Les ruines sont bien entretenues et on dirait qu'un spectacle de grande envergure se prépare. Les jeunes fantassins défilent au rythme du tambour et se mettent en place sur le terre-plein. Mais, hormis quelques bousculades entre les compagnons d'armes, rien ne se passe. Pourtant, tous les touristes attendent avec calme que quelque chose se produise. Ça commencera sans nous, car nous avons quitté l'enceinte de granit pour nous promener dans les quelques rues du village. 

Des pêcheurs de retour de marée débarquent leur marchandise, des pélicans guettent les entrailles lancées par-dessus bord ; un enfant turbulent se blesse sérieusement à la tête en chutant d'un muret que sa maman lui avait interdit ; une vieille excentrique promène son caniche qui a profité du restant de la teinture violette de sa maîtresse.

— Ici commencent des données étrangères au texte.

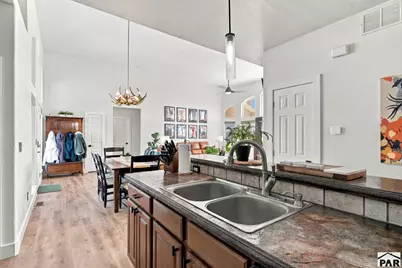 877 S Avenida Del Oro W, Pueblo West, CO 81007 - Photo 9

Le bateau repart en direction de l'île Marques de Mancera où un autre fort, le Castillo San Pedro de Alcántara nous attend.
Très joli petit archipel perdu au cœur de l'estuaire, l'île est paisible, enfin jusqu'à l'arrivée des bateaux de croisière et de leurs hordes de touristes. Nous avons de la chance en étant les premiers à débarquer et grimpons d'un pas leste vers les fortifications. L’entraînement des derniers jours nous est profitable, et nous avons de longues minutes d'avance sur nos compagnons de croisière.

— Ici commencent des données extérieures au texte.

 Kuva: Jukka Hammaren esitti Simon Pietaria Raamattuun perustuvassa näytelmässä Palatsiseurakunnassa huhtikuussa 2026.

Là aussi une négligeable obole est demandée pour accéder au site. Murs épais, ruines de chapelle, vieux canons rouillés et inutiles témoignent de l'importance de cette région que les Espagnols défendaient bec et ongle.

Une épave au milieu du fleuve témoigne du dernier tsunami que cette région a subi. D'ailleurs, un peu partout, dans les villages que nous avons visités, des pancartes indiquent le chemin à suivre pour échapper à la grande vague. 

Sur la route du retour vers Valdivia, le bateau passe devant les immenses stocks de copeaux de bois destinés à l'industrie papetière, quelques chalutiers colorés reflètent leurs peintures vives dans les vagues, de très cossues propriétés sont posées comme des maisons témoins sur les berges gazonnées et bien entretenues.


Nous traversons une réserve protégée peuplée d'herbes se berçant au grès de la houle et de paddle qui tomberont comme des mouches au passage de la vague de notre rafiot.

Sur le quai, un couple effectue une danse traditionnelle très entraînante, des vendeurs étalent leur marchandise sur des tapis, quelques hippies bohèmes tressent bracelets et autre ornements en fil et sur le ponton, les lions de mer profitent des derniers rayons de soleil en ronronnant de plaisir. Ce séjour sur l'eau aura été finalement épuisant et un tout petit trop long. Mais c'est l'activité à ne pas manquer à Valdivia.

Encore une fois, ce sera sur les chaises en bois de La Última Frontera que nous finirons la soirée. Cette fois-ci pas question de diplomatie, en faisant sagement la file pour se voir attribuer une place, nous allons faire comme les locaux et entrer choisir une table libre. 

On peut faire confiance à André pour ce genre de situation, il ne tergiverse pas avec les bonnes manières et nous trouve une table plus vite que tous les autres.